The Breslauers knew how to help themselves in this situation. A ‘jungle-drum’ system, using saucepan-lids, became the communication system in calling for help when the Poles forced their way in to where the Breslauers lived. The signal warned the neighbours, every one of whom joined in with a clash of cymbals, the din of which reached a crescendo, stretching from house to house. The commander then sent jeeps and soldiers. He simply enjoyed getting to grips with the Poles, between whom there was no love lost. The ‘Ivans’ showed no mercy, and very often shots were to be heard.
The Russian/Polish relationship had never been good, but at that time, when the Russians had ‘freed’ Poland from the yoke of Fascism it was, of course, worse than ever. Both sides were contemptuous of the other. Murder and manslaughter between the two occurred daily. This ‘peace’ after the war produced even more of a psychological crisis in many people. Suicides were at an even higher rate than during the siege of the city. The total result, including the high death-rate among both young and old, in appalling conditions including epidemics, was catastrophic.
Normal hygienic conditions were non-existent causing the high death-rate. It was not to be wondered at. The civilian population died off like flies, from typhus, typhus fever, dysentery and diphtheria. Babies were the first ‘sacrifices’. The deaths of very many infants caused by malnutrition was also not surprising.

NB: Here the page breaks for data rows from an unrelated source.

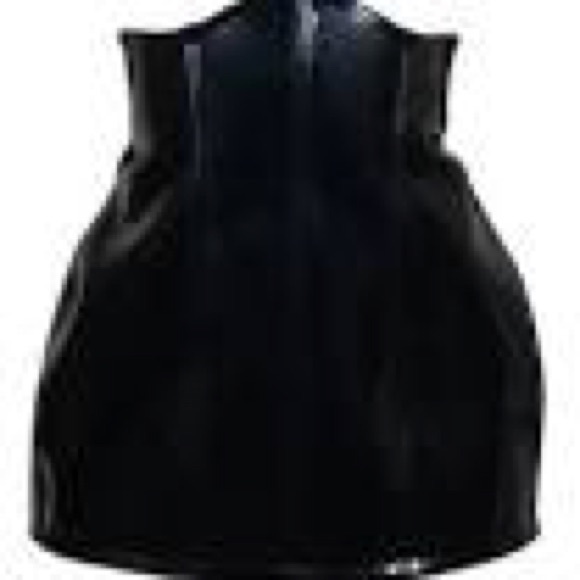 Thegrayscale Skirt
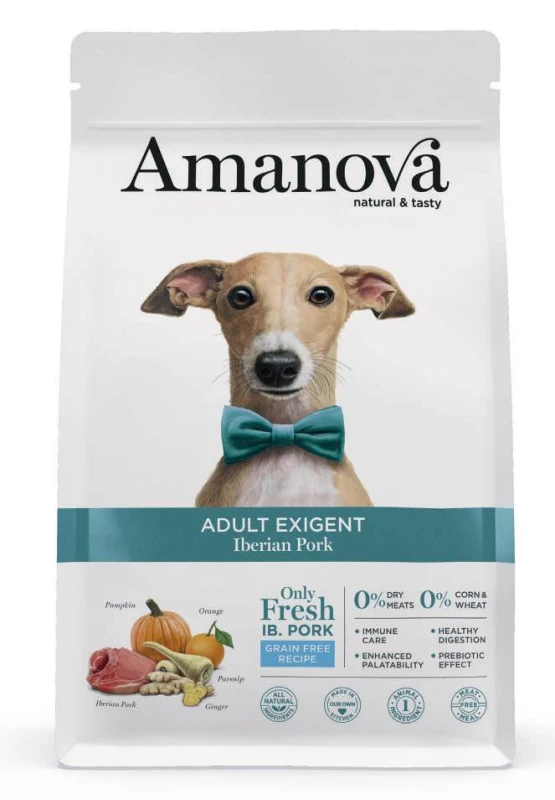 02_packshot_original.png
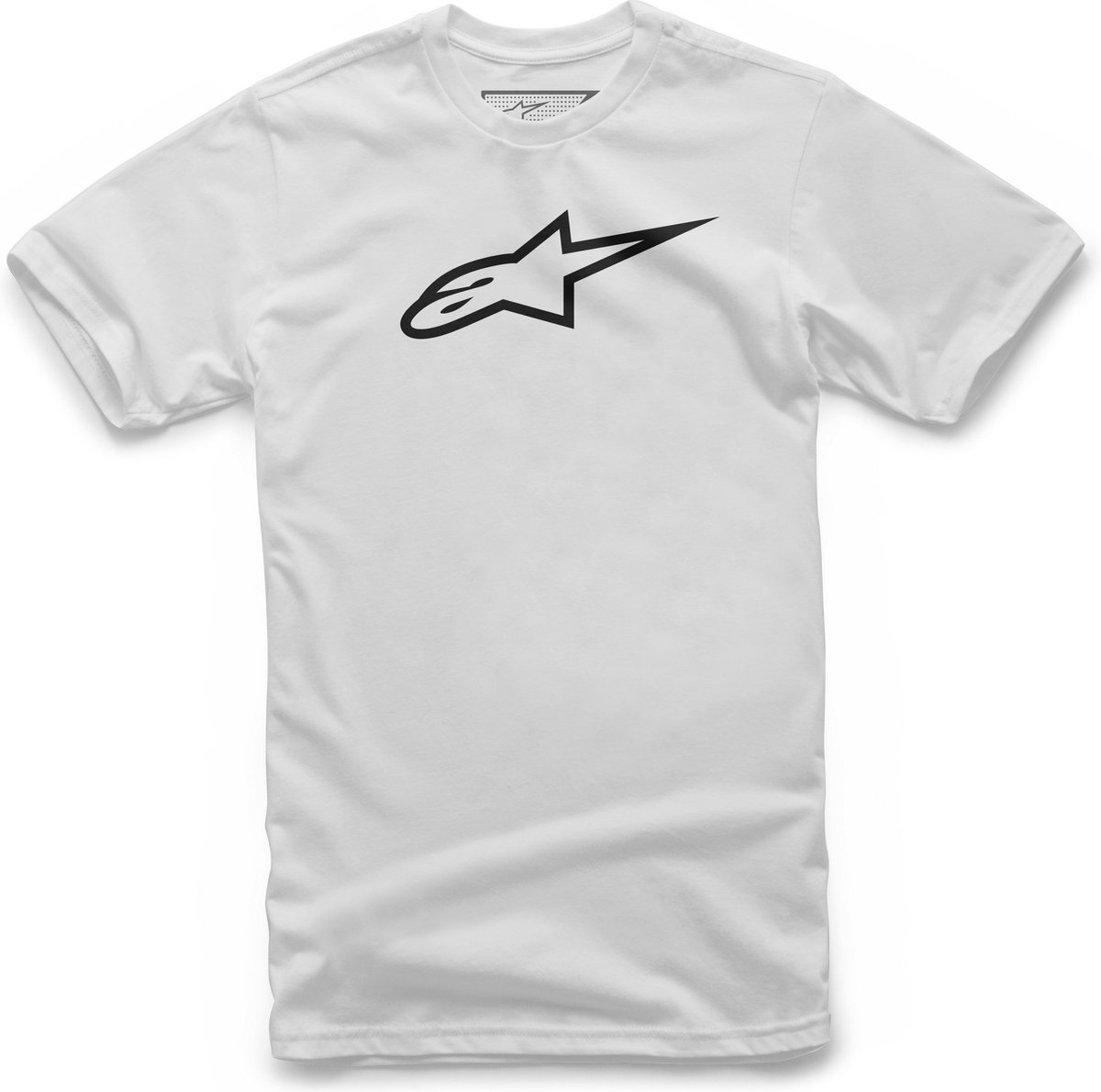 Alpinestars Ageless Classic Tee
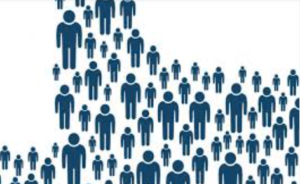 CASTE CENSUS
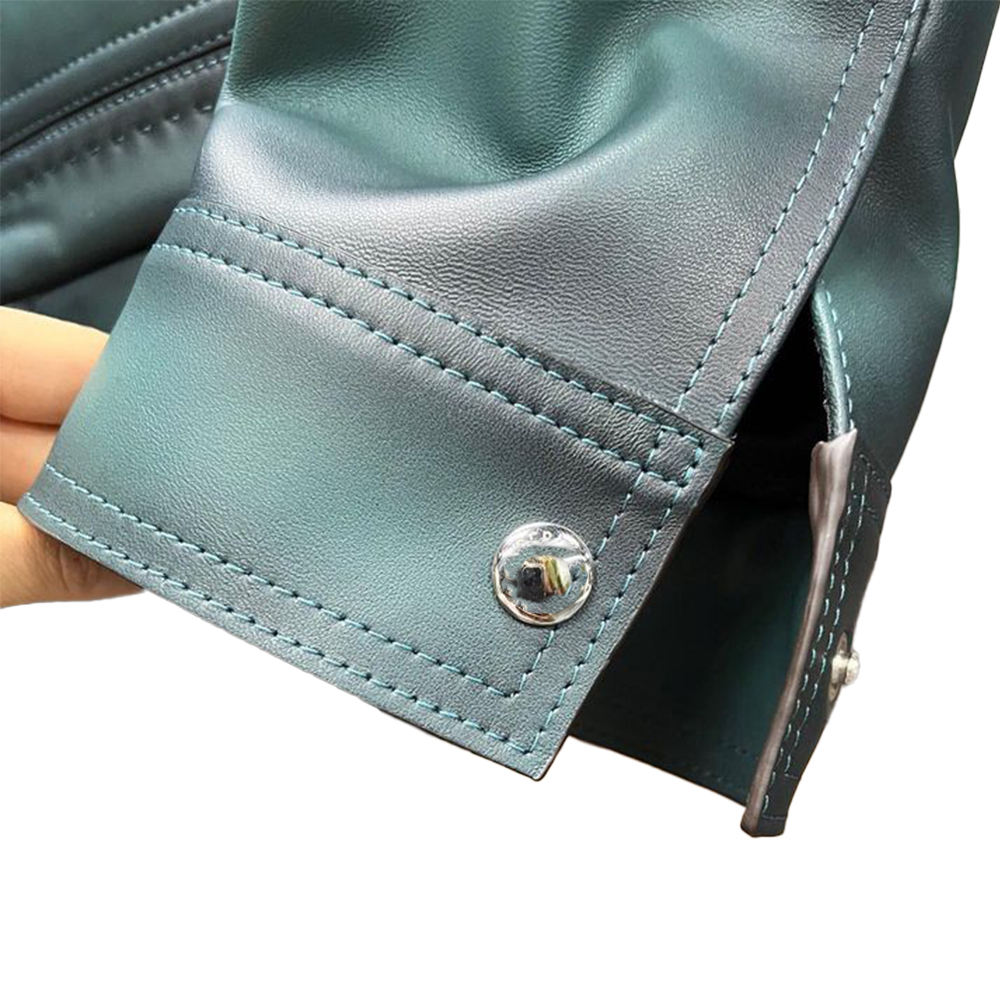 Supper Leather Jackets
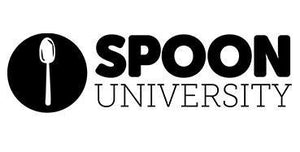 Spoon University - Eat Your Coffee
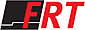 FRT GmbH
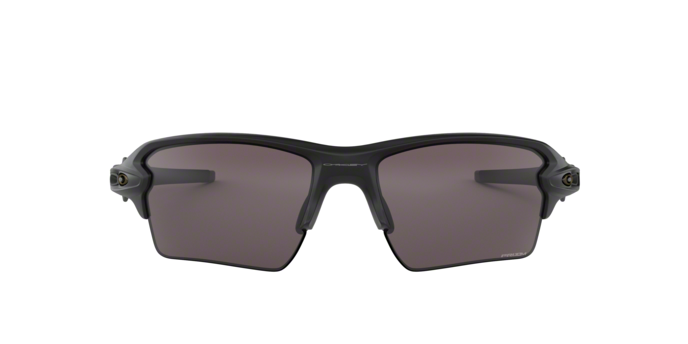 OKULARY OAKLEY® FLAK 2.0 XL OO 9188 918873 59 ROZMIAR M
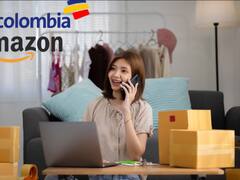 Bancolombia ofrece un súper descuento en Amazon: rebajas especiales para comprar tecnología por tiempo limitado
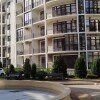 https://cdn-ostrovok-ru-ion.test.edgekey.net/t/100x100/hotel_review/3d/03/3d036f829d9258e9e4b43f62c6e66ea79dcb77fc.JPEG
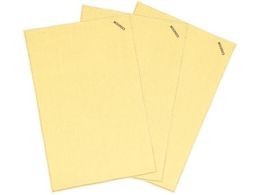 Rh }CNt@Co[NX ECO 3 Y DU852-000X-MB-Y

It did not take long for the Poles to fill the central prison in Kletschkauerstrasse with people who were arrested under false charges and delivered there. For most that meant a gruesome death. A German railway-worker was taken there, on trumped-up charges that he was the Chief of the Breslau Gestapo. It appeared that his railway identification card, picturing him in his railway official’s uniform, proved this! His protest produced a forceful kick in the abdomen or genitals, and blows from truncheons. That lasted until the un fortunate candidate signed a (false) statement confessing to the charges.
The patrols from prison guards during the nights disturbed not only the sleep of the prisoners, but they had to report, standing to attention, that ‘our cell is occupied with German swine’. The nights were not only used for control, they were used for the most brutal of interrogations, accompanied by very loud music from the radio, to try to cover the screams of the tortured.
After the Poles took over the control of Silesia, they organised concentration camps where Germans were starved, beaten to death, or died from other methods. One of those camps was in Lamsdorf. The ‘Attrition’ called for by Stalin, was now replaced with that from the Poles. In this camp alone, 6,488 Germans were shot, hanged, burned, or died from the consequences of being forced into barrels and rolled ‘for as long as it took for them to die’.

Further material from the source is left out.